Prudence Brown, Marie Colombo, and Delia M. Hughes, "Foundation Readiness for Community Transformation: Learning in Real Time," Foundation Review,Winter 2009 Vol 1:1

This is true in relation to results-based accountability as well. Too often foundations or other investors hold grantees to agreed-upon targets but the grantees bear the full weight of accountability. When foundations understand themselves as investors in these targets, they own the results within their own governance accountability systems and are more cognizant of how they are fully implicated in whether results are achieved. Grantees may still not perform or environmental conditions may change, but foundations are unable to simply blame others for things going wrong. Their actions or non actions on behalf of these results are a key part of the story.
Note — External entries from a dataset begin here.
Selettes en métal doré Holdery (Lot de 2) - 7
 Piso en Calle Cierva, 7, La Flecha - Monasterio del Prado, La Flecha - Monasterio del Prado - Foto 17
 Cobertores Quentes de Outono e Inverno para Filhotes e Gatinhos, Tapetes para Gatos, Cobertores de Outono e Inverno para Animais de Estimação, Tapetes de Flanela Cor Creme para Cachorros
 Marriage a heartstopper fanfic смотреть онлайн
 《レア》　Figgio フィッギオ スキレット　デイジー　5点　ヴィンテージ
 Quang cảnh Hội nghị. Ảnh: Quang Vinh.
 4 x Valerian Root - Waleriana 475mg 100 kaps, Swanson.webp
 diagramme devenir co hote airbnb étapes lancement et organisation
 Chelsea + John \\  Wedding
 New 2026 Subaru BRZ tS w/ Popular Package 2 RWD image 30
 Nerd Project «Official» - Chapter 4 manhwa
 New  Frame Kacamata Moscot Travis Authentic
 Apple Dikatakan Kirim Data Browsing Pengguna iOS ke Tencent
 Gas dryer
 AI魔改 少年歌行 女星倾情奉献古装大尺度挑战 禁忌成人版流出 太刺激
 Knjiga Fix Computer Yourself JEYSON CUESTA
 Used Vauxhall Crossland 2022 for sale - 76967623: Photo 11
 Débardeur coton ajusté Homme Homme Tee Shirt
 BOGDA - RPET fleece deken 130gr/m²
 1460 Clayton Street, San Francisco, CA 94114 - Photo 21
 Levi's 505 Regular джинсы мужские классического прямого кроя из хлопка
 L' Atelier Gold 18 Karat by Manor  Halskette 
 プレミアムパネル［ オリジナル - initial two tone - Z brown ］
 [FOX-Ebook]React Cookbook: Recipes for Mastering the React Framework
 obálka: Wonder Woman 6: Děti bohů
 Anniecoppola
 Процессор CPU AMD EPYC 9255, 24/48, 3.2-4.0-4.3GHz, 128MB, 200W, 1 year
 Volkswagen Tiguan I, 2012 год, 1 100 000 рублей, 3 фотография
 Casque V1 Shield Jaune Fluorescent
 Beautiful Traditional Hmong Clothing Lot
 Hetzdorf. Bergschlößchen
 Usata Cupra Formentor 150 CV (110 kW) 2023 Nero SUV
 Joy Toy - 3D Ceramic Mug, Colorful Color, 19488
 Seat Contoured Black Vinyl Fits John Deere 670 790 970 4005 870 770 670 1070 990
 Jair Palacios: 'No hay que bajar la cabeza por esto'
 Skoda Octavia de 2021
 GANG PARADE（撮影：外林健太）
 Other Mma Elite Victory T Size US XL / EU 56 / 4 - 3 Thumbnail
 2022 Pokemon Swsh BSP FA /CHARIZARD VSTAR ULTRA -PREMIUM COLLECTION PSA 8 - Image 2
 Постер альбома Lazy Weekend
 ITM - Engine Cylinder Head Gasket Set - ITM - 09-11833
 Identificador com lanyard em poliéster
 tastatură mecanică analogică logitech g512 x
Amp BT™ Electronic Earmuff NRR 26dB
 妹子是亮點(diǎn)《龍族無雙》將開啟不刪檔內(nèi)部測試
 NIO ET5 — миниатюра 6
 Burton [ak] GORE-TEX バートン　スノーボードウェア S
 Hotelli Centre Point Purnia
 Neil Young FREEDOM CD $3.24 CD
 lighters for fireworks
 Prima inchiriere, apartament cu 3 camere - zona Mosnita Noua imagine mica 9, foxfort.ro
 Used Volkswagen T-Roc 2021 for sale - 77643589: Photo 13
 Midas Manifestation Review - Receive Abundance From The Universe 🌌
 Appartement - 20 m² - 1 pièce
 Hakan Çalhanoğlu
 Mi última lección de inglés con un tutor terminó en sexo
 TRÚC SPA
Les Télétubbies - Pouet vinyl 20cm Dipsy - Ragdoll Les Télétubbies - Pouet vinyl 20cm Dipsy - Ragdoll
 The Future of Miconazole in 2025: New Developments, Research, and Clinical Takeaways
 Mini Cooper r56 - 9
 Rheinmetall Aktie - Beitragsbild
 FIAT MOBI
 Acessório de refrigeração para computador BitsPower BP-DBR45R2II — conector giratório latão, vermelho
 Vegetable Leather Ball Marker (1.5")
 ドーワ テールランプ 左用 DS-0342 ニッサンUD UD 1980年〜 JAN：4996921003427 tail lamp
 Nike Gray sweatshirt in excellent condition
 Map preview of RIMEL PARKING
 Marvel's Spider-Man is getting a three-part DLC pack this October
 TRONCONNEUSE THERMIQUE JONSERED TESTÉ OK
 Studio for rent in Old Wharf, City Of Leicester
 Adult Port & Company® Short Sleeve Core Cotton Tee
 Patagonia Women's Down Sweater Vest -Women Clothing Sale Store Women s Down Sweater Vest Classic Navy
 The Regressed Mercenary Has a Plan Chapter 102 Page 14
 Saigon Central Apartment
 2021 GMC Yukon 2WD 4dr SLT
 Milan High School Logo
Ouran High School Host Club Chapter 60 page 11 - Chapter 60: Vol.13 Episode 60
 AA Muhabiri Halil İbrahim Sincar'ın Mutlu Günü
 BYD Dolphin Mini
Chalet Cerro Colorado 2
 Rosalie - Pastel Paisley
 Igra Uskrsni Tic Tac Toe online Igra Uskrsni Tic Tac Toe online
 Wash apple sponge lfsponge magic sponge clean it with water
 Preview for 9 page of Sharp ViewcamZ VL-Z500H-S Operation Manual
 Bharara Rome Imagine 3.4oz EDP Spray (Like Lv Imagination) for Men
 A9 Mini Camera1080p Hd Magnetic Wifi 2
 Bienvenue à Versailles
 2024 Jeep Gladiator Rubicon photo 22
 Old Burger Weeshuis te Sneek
This new kind of self awareness and accountability are also needed in the realm of learning and mistakes. We tend to celebrate the language of "make new mistakes" without an equal appetite for surfacing these mistakes and being accountable for them--at least in the short run. This kind of accountability is admittedly difficult for all kinds of organizations -- but it is especially important for foundations who have a mission to improve knowledge and capacity.

The short message for foundations is that if you are going to require new behaviors grantees and other partners, then you should be a role model in demonstrating them.

Tuesday, February 16, 2010

War Failure

[B]y just about any measure, his war was on the verge of failure. The strategy of winning an enduring peace had failed. The strategy of defeating terrorism had failed. The strategy of spreading democracy throughout the Middle East had failed. The strategy of at least bringing democracy to Iraq had failed."

David Finkel, The Good Soldiers

Did the surge turn things around? Much of the failure literature is about war, including the distinction between constructive and non constructive failures put forth by Eliot Cohen and John Gooch in Military Misfortunes: The Anatomy of Failure in War. The failures of war are certainly harder to hide -- although we have witnessed many creative measures taken to disguise failure in plain sight. And, arguably ,the military wants to learn from mistakes, although fighting today's war with the lessons from the past seems to be a common affliction.

I like the constructive/non constructive failure distinction despite its either/or quality that sometimes misrepresents our fuzzier reality. It also represents a kind of bureaucratic and ethical distancing from the underlying truth that war is a bad thing that seldom wins the peace.

Friday, February 12, 2010

Failure Talk

"But when was the last time you saw failure worked into any assessment rubric or logic model? Maybe, just maybe, we should be holding ourselves accountable for failing as much as for succeeding! Now that would signal intrepid philanthropy..."

Sally Osberg, "Failure Anyone?" Intrepid Philanthropist, December 9, 2009

What would "holding ourselves accountable for failure" look like? Transparency is certainly a first step. But think of when we begin to share our successes, usually at the stage of looking good, showing promise, or pointing in the right direction. The big evaluation is icing on the cake. That approach wouldn't work for many failures in philanthropy, although efforts with a double bottom line are likely to show problems earlier and in more forceful terms. If we are lucky, mid-course corrections are a time, at least for ourselves and partners, to acknowledge what hasn't been working and to make adjustments. For many failures, however, we sometimes need for the dust to clear before we can talk failure. Unfortunately, by that time many of us are on to new things.

Two other problems are becoming clear to me after collecting a number of failure stories. First, the dividing line of success and failure is not always so clear: many initiatives contain both and success and failure evolve over time. Second, the distinction between constructive and non-constructive failure is useful but harder to pin down than you might think. Most cases are hybrids. And non-constructive failure raises basic questions about good design, implementation, management, and investment. Our standards for feasibility, risk-taking, design and management are not as high as they should be.